From Koszalin we again headed back up towards the coast and then further west. The landscape subtly changes as you go this way, with villages appearing more neat, farms more prosperous. The typical set-up is a farmhouse, flanked by two barns, a style I have seen before in eastern parts of Germany. It was to one of these that we headed for another three night stay. Agnieszka was horrified to learn it was the house of the sołtys - the village chief if you like - but he seemed ok, busy as he was with the beetroot pickers, potato harvesters and road marking workmen who were also staying there.
Compared to Rekowo, the room was lovely apart from the incredible smell of Old Spice. The source of this was a plug-in 'air freshener' but the place reeked of middle-aged man. We were grateful, however, for this a day later when they decided to empty their cess pit and a stink of a different kind pervaded the room. Until then I unplugged it and we tried not to breathe. In the bathroom, the function of the bowl under the sink became obvious once you ran the tap and 75% of the water dripped into it. Someone, surely not a plumber, had tried to fix the leak using a cement but apart from making it look messy, it hadn't stopped a drop. The kitchen, across the yard, we had to share with all the workers, but it was functional enough to cook a bit of pasta and soup, although we had to keep hold of our dishes and pan in case someone walked off with them. Breakfast was taken in the room because it was so much less hassle.
Our first trip took us up to Pobierowo, another deserted summer-only town with a fantastic white sandy beach. The sun shone, the wind had dropped and the walk along the beach was lovely, topped off by a huge flock of cranes flying overhead, possibly heading to Wolin and the lakes there, or the river area around Szczecin. We never found out where they landed but it was fantastic to see them gliding across the blue sky, calling intermittently to each other.
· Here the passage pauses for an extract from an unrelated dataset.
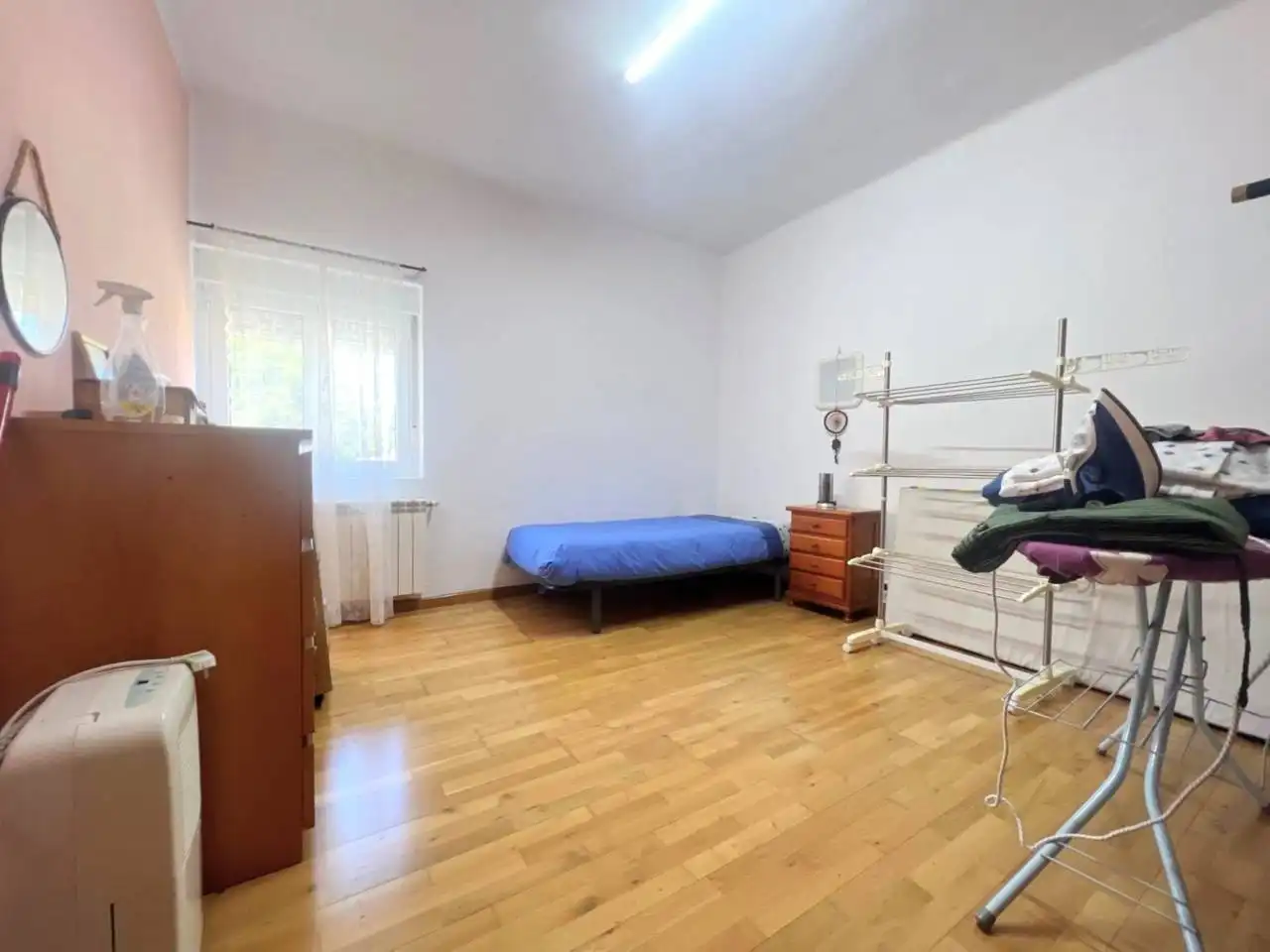 Bedroom of Houses for sale in Tubilla del Agua  with Heating, Private garden and Terrace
In the middle of town we found this place, trying to cover all angles and cater for every type of customer, whether they want drink, food or entertainment and dancing. Some people obviously can't cope with the plethora of choices, as the graffiti in the bottom left corner shows; the frustration apparent in the crude sentiments expressed...
Further along the coast, and part of the poorly-signed Wolin National Park, is a stretch of cliff described by the guide as 'unique along this coast, except for one other near Gdynia'. On a damp and rainy day there wasn't much to see, but it was nice to get out of the car and wander along through the trees to a wartime look-out post and viewpoint. Apart from the sound of the sea, far below, and the wind rustling the leaves of the trees, there was pretty much no sound and it made me think how lonely sentry duty must have been here.
Back in Wilczkowo we took a turn around the pond, where silver fish jumped in the evening glow and little dogs barked with a volume out of all proportion to their size. Most of the farms and buildings seem to be used and looked after, with only one or two in need of repair, and there was easy access to the forest where once again we went on a mushroom hunt. It became more and more difficult to dry any we found as, with the weather warming slightly, the heating got switched off.
A typical barn and conker tree. Because conkers are inedible and schoolkids go to school to learn and not whack lumps out of each other's knuckles, there are always piles of conkers on the floor around these trees, plenty of which made their way back to England.
Foraging in the forest.
A perfect specimen, picked and eaten (or occasionally dried) in under two hours. Smaczne!